Setelah mendapat informasi dari psikolog dan gurunya di
sekolah, aku baru tahu kalau ia mengalami low intelegensia. Hal ini membuat ia
terlambat memahami kemampuan kognitif yang seharusnya sudah bisa dilakukannya
sesuai usia teman-teman sebayanya. Semacam short-term
memory syndrome. Maka, di kelas 3
SD, ia baru benar-benar bisa baca dan tulis. Meski begitu, permasalahan umum
yang diangkat dari anak laki-laki bertubuh tambun menggemaskan ini adalah
motivasi belajar.
Lalu, ia dikategorikan sebagai anak SN karena di
sekolahnya, sekolah inklusif, anak-anak dengan berbagai permasalahan baik
kognitif maupun mental serta gangguan lainnya akan berada di bawah pengawasan
satu lembaga khusus bernama LSC (Learning Support Centre). Jadi, tidak hanya
anak-anak dengan autisme atau ADHD saja yang bisa dibimbing oleh LSC. Anak
dengan motivasi belajar seperti anak kelas 6 ini, sebut saja namanya Arka, juga
termasuk di dalamnya. Ketika aku masuk, menerima challenge dari Sang Kepala Sekolah untuk bisa membimbing anak
tersebut (padahal sebelumnya akan mengajar Bahasa Inggris SD hihi), Arka hanya
punya waktu 6 bulan sebelum Ujian Nasional. Whatta?!

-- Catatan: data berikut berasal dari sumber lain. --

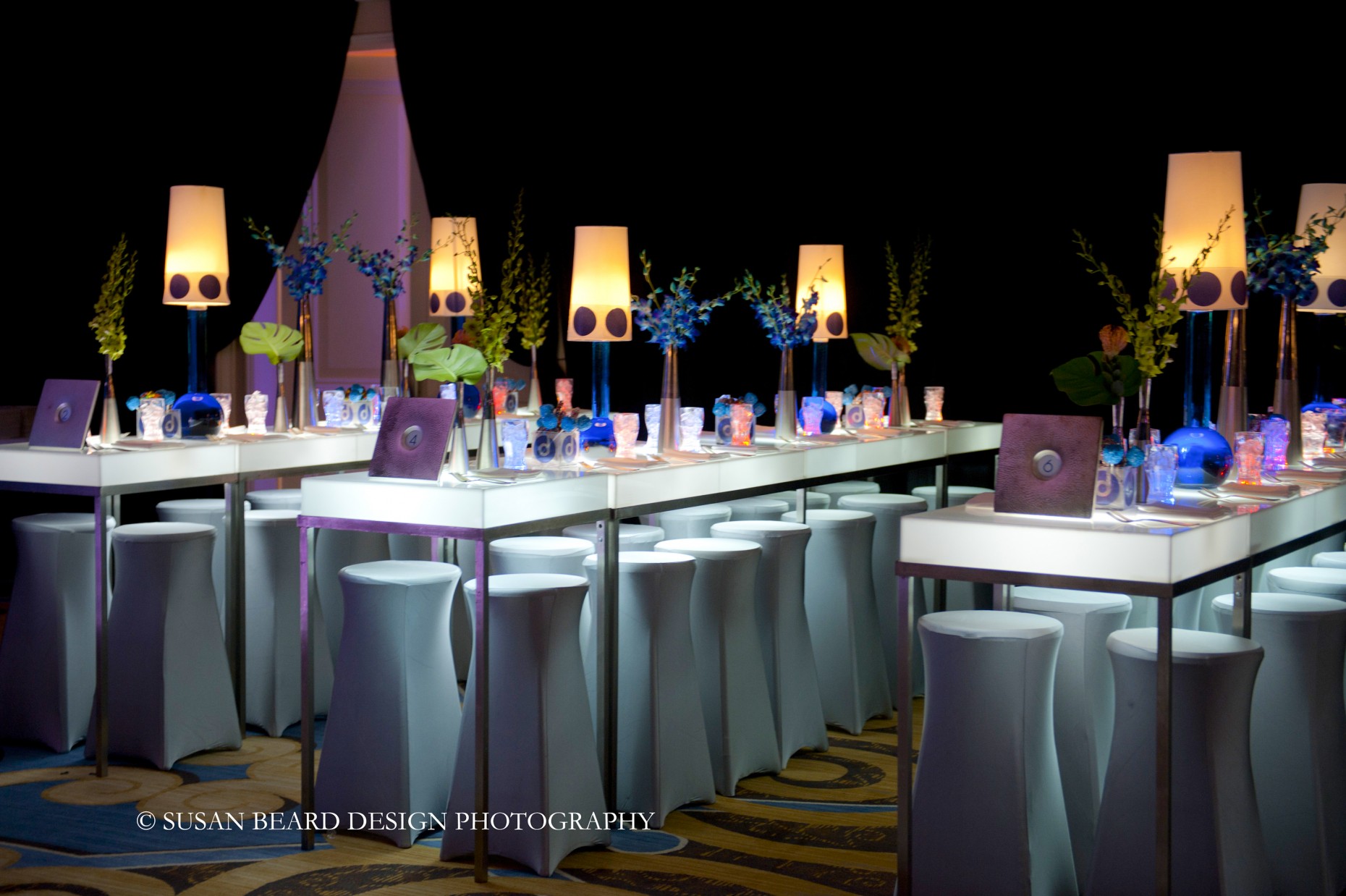 kids tables for mitzvahs high community tables blue and white event designe evantine design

Senewen-lah aku dibuatnya. Arka tidak suka ia dibimbing
oleh seorang Aide Teacher. Ya, itu sebutan untuk seorang guru pembimbing anak
SN sepertiku. Bagi Arka, itu sama saja seperti melabeli dia dengan Special Need
di belakang namanya.
The war begins.
Tubuh Arka yang besar dan hampir menyamai tinggiku kerap disenggol-senggolkan
ke lenganku yang kurus. Fiuh...hampir terjatuh aku. Ia juga sering membuatku
kelelahan karena harus mencari tempat persembunyiannya saat jam komputer. Di
dalam kelas, aku dan kedua gurunya sudah sepakat kalau aku bukanlah Aide Teacher Arka melainkan guru bantu
yang ditugasi membantu wali kelas dalam mengajar karena sang wali kelas sedang
hamil. Tetap saja, Arka mencium ketidakberesan.
“Sono, nggak?! Aku bilang jauh-jauh!” Itu yang seing
diungkapkannya ketika aku kerap memberikan kertas tugas padanya. Padahal aku
sudah berpura-pura dengan membagikan kertas tugas juga pada murid lainnya.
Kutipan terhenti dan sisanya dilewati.